What is needed: The copy should hold exactly the lines below from the one that contains "Romantic Champagne Toast: Two" through the one that contains "Large Monogram &" and nothing else, so no pictures.
-------- Supplied material --------
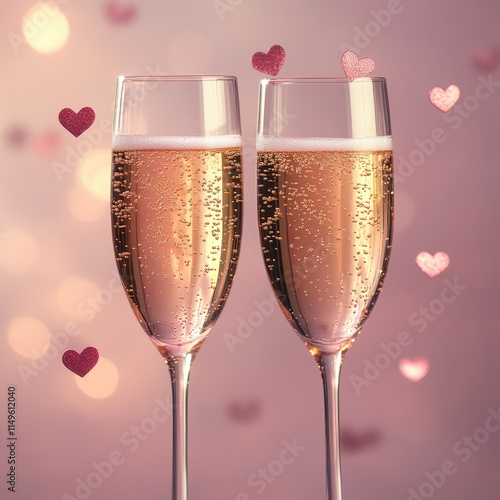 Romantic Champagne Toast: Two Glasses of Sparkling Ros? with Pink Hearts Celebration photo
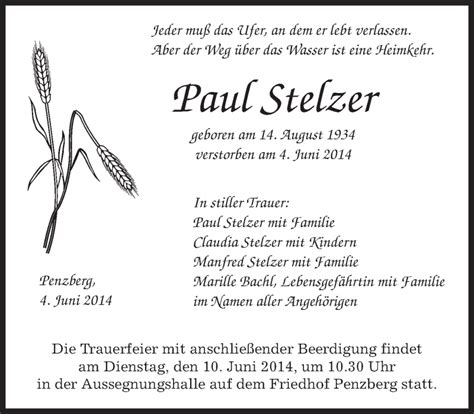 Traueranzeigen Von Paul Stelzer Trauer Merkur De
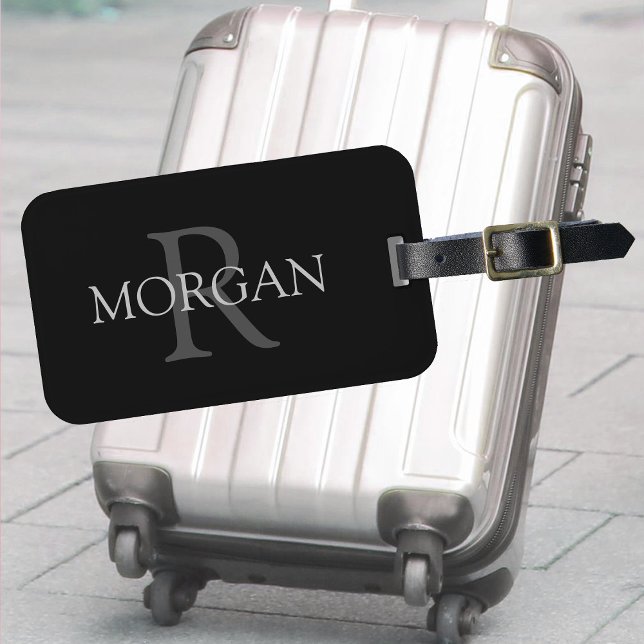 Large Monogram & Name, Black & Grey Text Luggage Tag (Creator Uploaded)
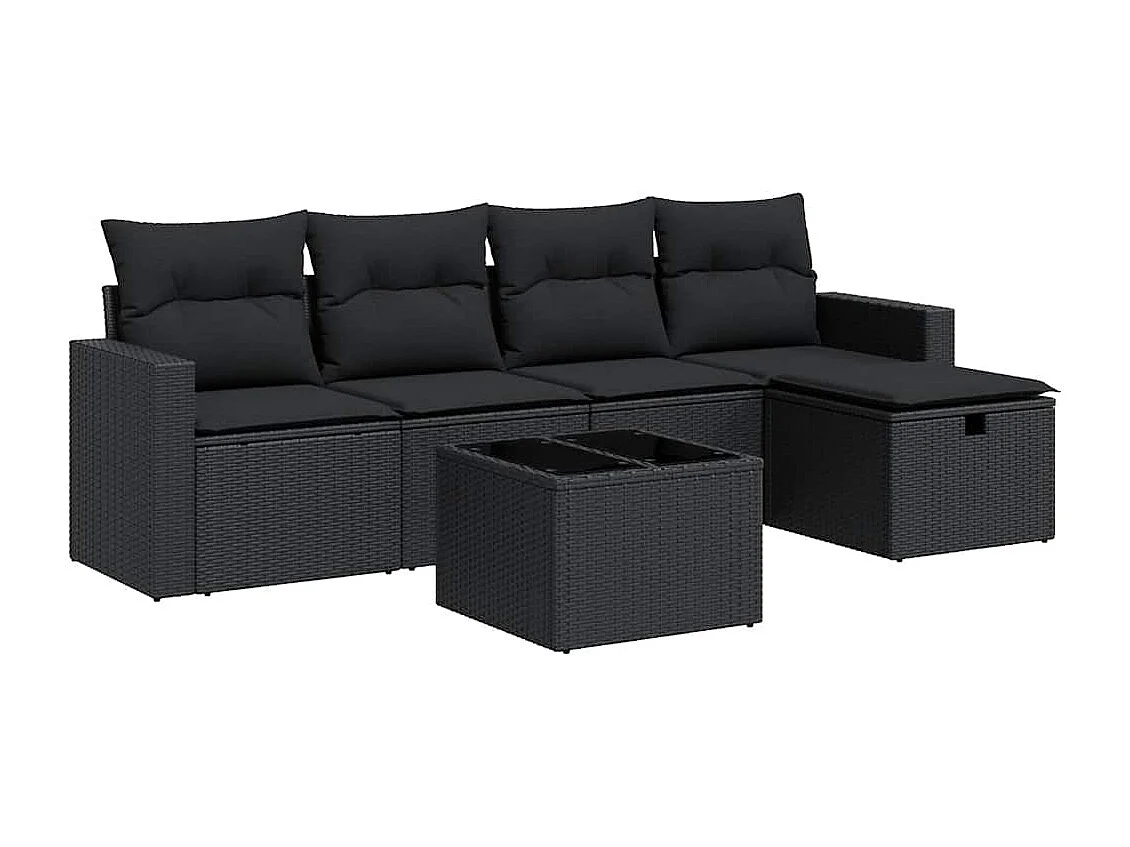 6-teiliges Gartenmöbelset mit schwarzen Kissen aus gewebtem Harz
--------
-------- Supplied material --------
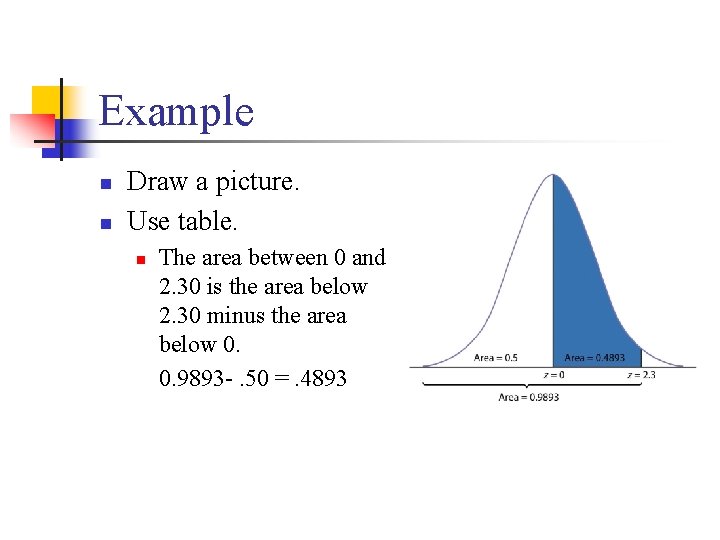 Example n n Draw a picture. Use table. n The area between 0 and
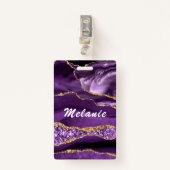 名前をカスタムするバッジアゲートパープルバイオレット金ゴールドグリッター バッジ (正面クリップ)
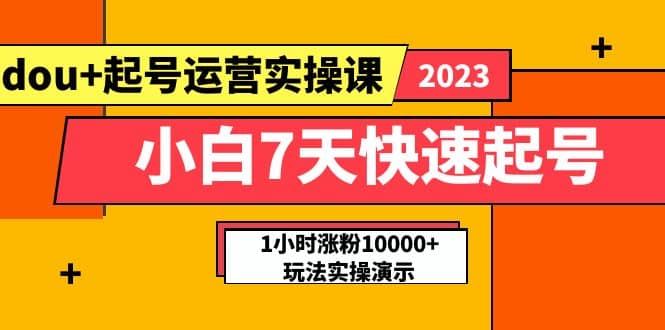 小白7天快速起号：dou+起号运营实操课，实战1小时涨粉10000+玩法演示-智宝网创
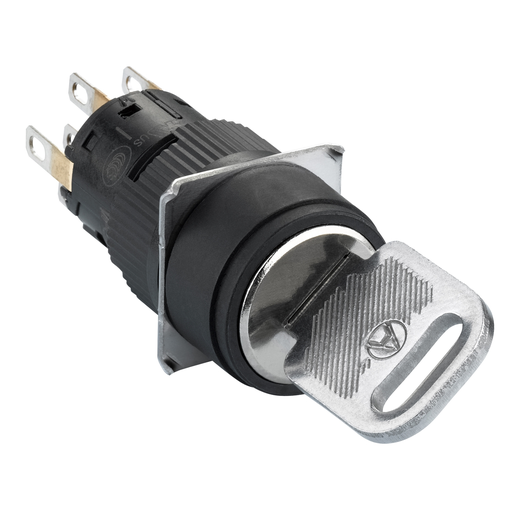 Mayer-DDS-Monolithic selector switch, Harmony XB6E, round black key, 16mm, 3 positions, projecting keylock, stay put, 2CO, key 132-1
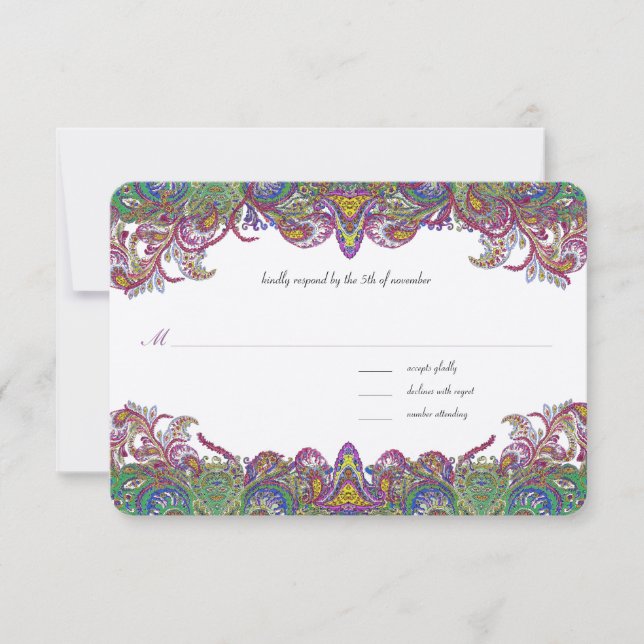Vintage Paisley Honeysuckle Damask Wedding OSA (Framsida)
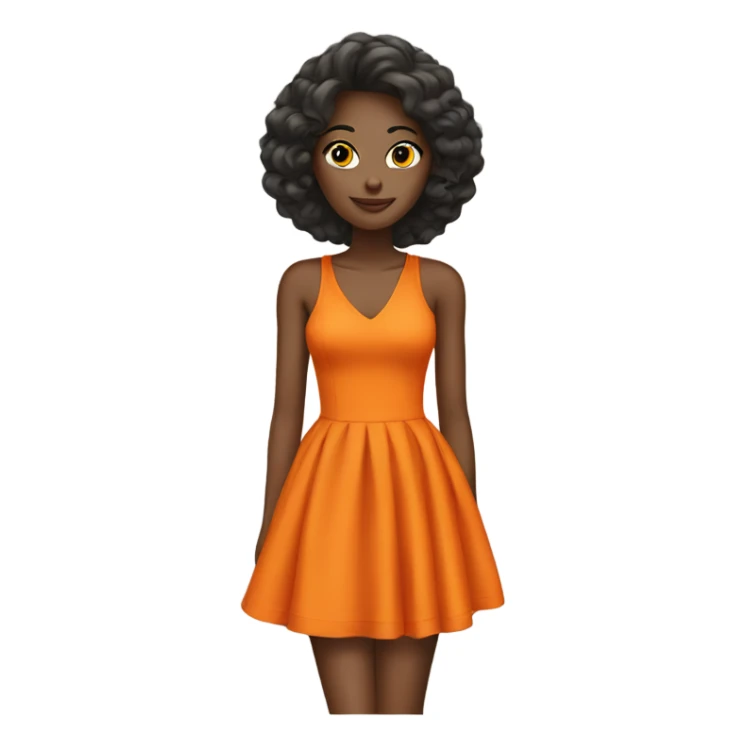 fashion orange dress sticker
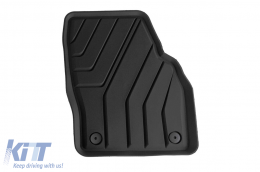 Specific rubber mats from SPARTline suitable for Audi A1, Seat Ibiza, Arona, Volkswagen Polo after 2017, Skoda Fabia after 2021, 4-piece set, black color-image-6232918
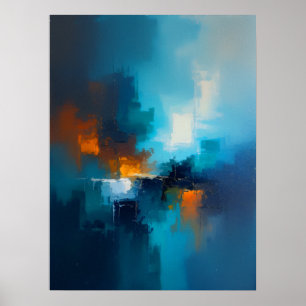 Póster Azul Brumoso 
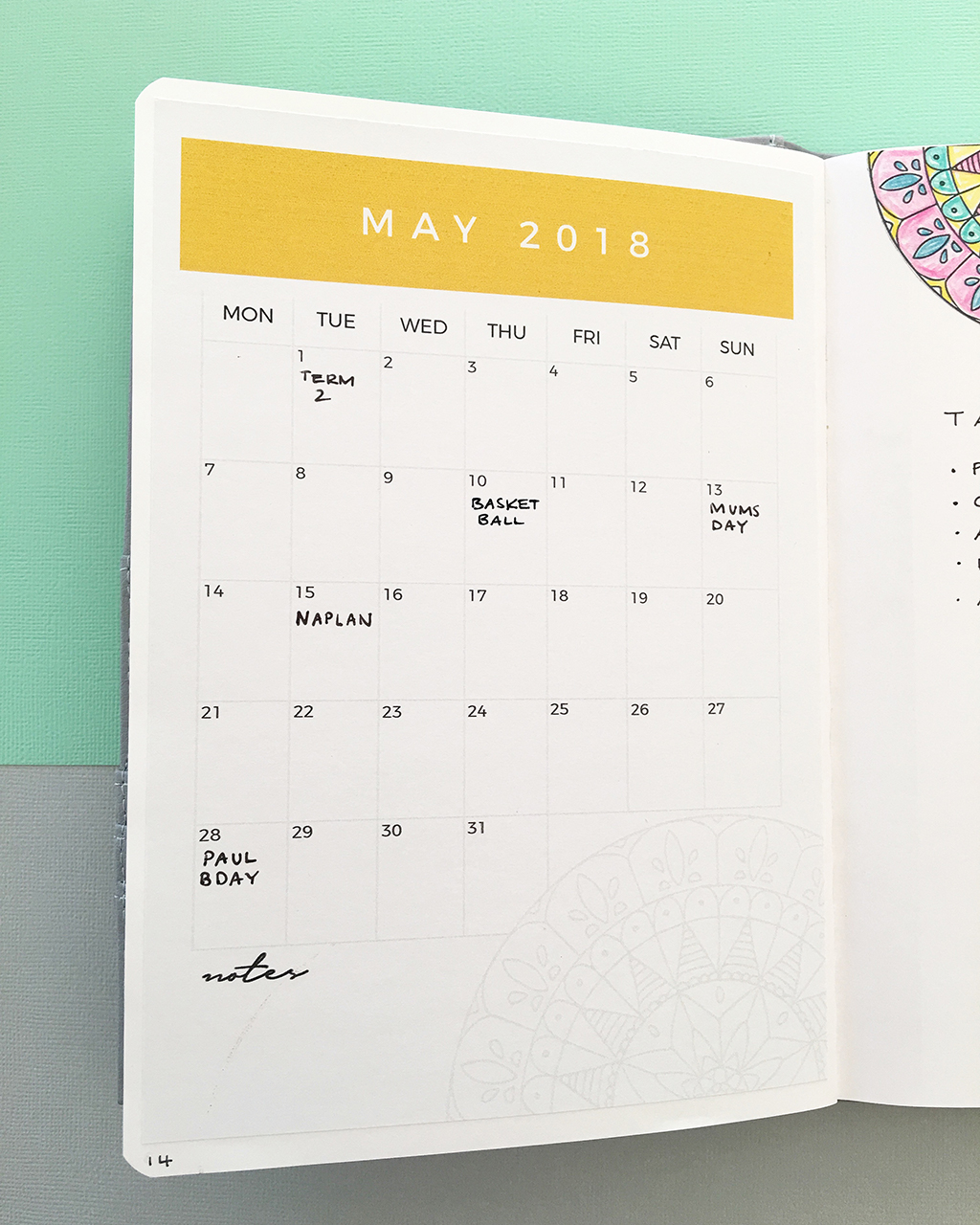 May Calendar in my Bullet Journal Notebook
--------
Reply:
 Romantic Champagne Toast: Two Glasses of Sparkling Ros? with Pink Hearts Celebration photo
 Traueranzeigen Von Paul Stelzer Trauer Merkur De
 Large Monogram & Name, Black & Grey Text Luggage Tag (Creator Uploaded)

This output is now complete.